### PROBLEM TO SOLVE
Copy out every entry that follows, without a single picture.

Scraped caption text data
##############################

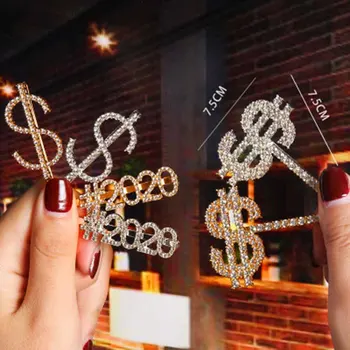 

New 2020 $ Crystal Rhinestone Hair Clips Letter Hairpins Metal Barrettes Headwear Hair Styling Accessories For Women Girls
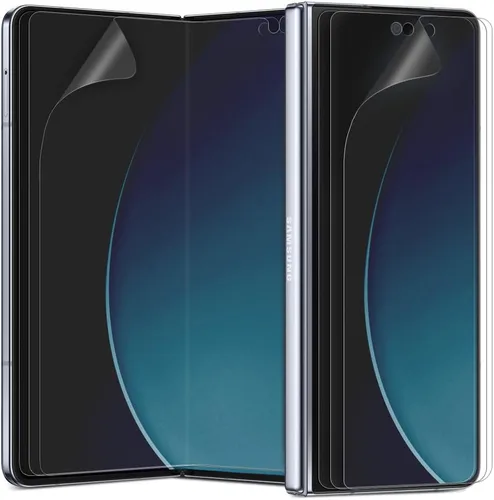 Vista 10 de [Paquete de 3+3] para Samsung Galaxy Z Fold 3 5G, protector de pantalla mate antirreflejos EPU+TPU, interior + 3 unidades frontales, antihuellas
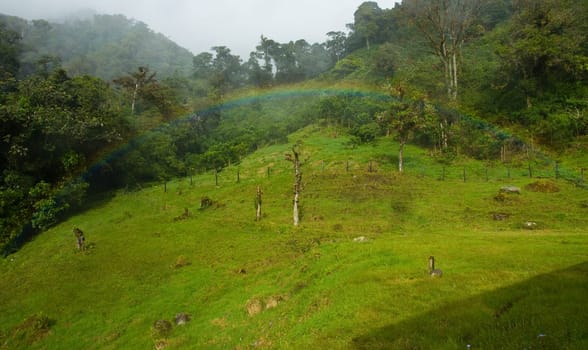 this is a rainbow in the rain forest of Panama
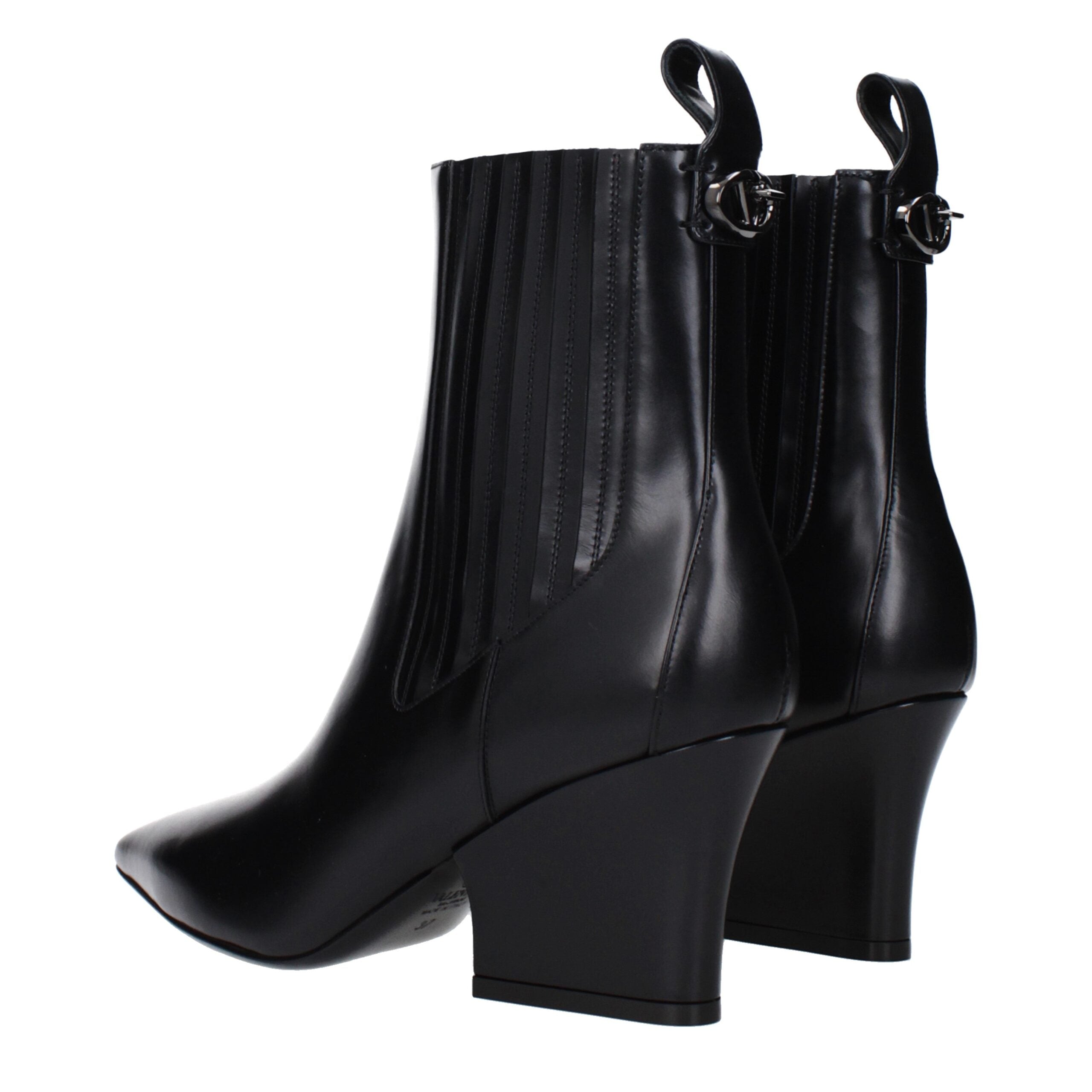 Black Leather Ankle Boots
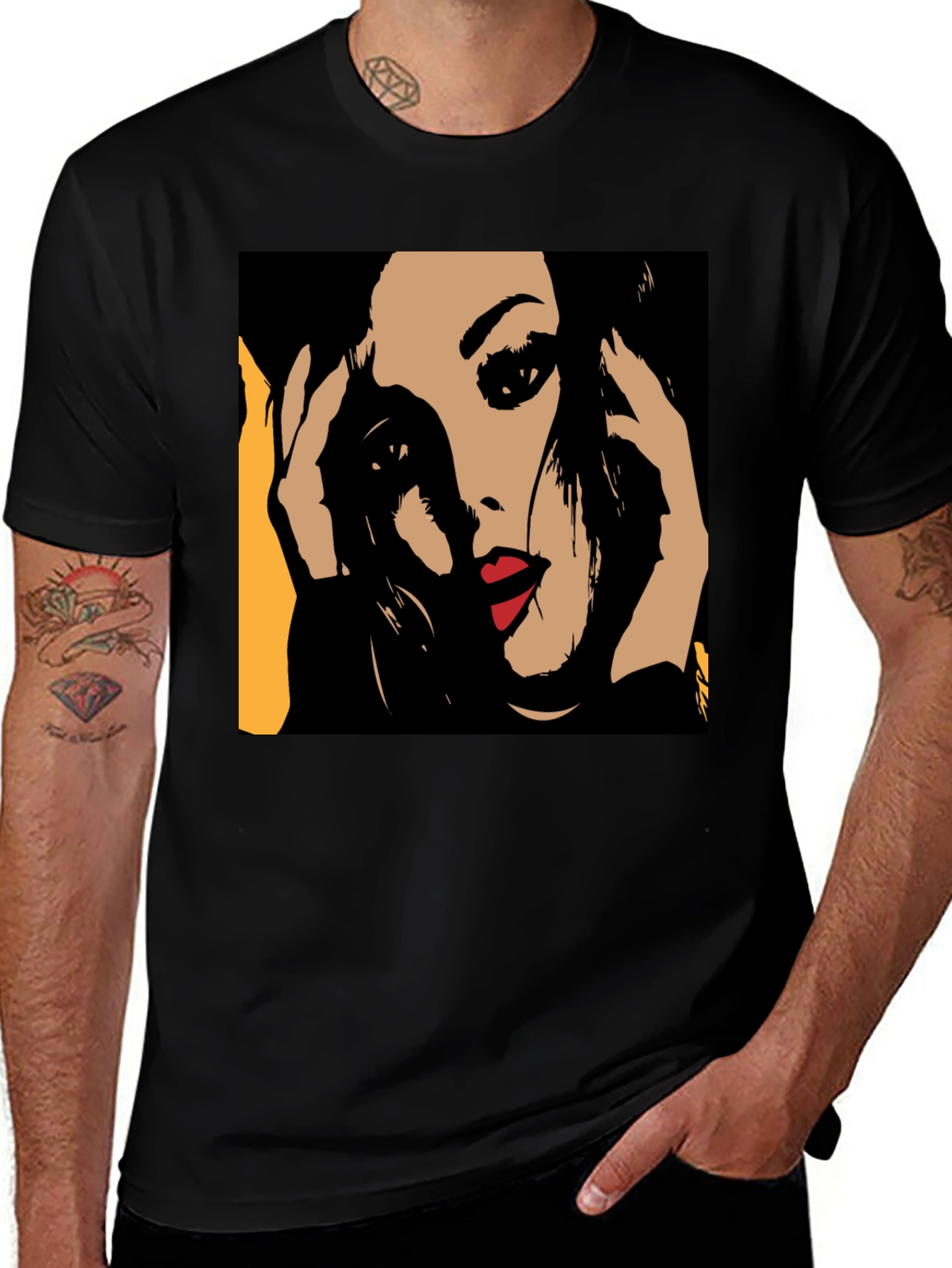 Variant 12 of Pop Art Woman Graphic Black T-Shirt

##############################

### EXERCISE OUTPUT
New 2020 $ Crystal Rhinestone Hair Clips Letter Hairpins Metal Barrettes Headwear Hair Styling Accessories For Women Girls
 Vista 10 de [Paquete de 3+3] para Samsung Galaxy Z Fold 3 5G, protector de pantalla mate antirreflejos EPU+TPU, interior + 3 unidades frontales, antihuellas
 this is a rainbow in the rain forest of Panama
 Black Leather Ankle Boots
 Variant 12 of Pop Art Woman Graphic Black T-Shirt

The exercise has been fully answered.